> TASK REQUIREMENTS
Every line from the one with "Binh sĩ Ukraine" to the one with "Image Of A Workshop", including those two, is to be copied exactly; all other lines of the entries below are left out.

::::

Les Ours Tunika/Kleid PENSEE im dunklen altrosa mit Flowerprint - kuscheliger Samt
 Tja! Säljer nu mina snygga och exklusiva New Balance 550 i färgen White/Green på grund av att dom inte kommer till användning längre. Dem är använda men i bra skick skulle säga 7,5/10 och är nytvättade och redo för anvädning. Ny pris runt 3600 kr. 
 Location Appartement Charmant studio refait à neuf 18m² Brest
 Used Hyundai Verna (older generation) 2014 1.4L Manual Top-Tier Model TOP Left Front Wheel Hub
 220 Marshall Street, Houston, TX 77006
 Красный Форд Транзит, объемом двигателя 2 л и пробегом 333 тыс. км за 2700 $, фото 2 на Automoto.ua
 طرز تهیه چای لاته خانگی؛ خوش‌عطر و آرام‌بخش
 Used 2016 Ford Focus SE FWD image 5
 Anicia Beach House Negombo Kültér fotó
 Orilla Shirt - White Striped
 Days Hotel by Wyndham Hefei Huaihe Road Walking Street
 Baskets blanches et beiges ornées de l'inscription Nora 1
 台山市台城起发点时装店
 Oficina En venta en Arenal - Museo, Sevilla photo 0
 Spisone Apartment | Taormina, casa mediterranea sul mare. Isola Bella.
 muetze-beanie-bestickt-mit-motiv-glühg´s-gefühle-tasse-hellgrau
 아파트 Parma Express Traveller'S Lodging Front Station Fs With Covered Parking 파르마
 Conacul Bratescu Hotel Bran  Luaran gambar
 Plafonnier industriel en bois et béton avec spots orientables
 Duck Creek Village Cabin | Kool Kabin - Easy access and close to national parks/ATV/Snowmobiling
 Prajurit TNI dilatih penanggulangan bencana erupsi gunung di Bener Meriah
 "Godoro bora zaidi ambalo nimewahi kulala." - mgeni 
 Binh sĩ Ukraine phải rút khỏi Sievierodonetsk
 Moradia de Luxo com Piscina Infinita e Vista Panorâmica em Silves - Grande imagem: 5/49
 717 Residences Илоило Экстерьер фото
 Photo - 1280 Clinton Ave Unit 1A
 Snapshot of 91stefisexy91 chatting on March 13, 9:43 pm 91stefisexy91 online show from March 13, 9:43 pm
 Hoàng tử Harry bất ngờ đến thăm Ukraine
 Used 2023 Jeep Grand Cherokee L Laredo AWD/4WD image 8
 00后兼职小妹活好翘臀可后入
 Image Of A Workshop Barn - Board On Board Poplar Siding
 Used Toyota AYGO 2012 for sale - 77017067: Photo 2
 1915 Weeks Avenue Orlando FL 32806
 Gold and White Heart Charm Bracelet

::::

> REPLY TO THE EXERCISE
 Binh sĩ Ukraine phải rút khỏi Sievierodonetsk
 Moradia de Luxo com Piscina Infinita e Vista Panorâmica em Silves - Grande imagem: 5/49
 717 Residences Илоило Экстерьер фото
 Photo - 1280 Clinton Ave Unit 1A
 Snapshot of 91stefisexy91 chatting on March 13, 9:43 pm 91stefisexy91 online show from March 13, 9:43 pm
 Hoàng tử Harry bất ngờ đến thăm Ukraine
 Used 2023 Jeep Grand Cherokee L Laredo AWD/4WD image 8
 00后兼职小妹活好翘臀可后入
 Image Of A Workshop Barn - Board On Board Poplar Siding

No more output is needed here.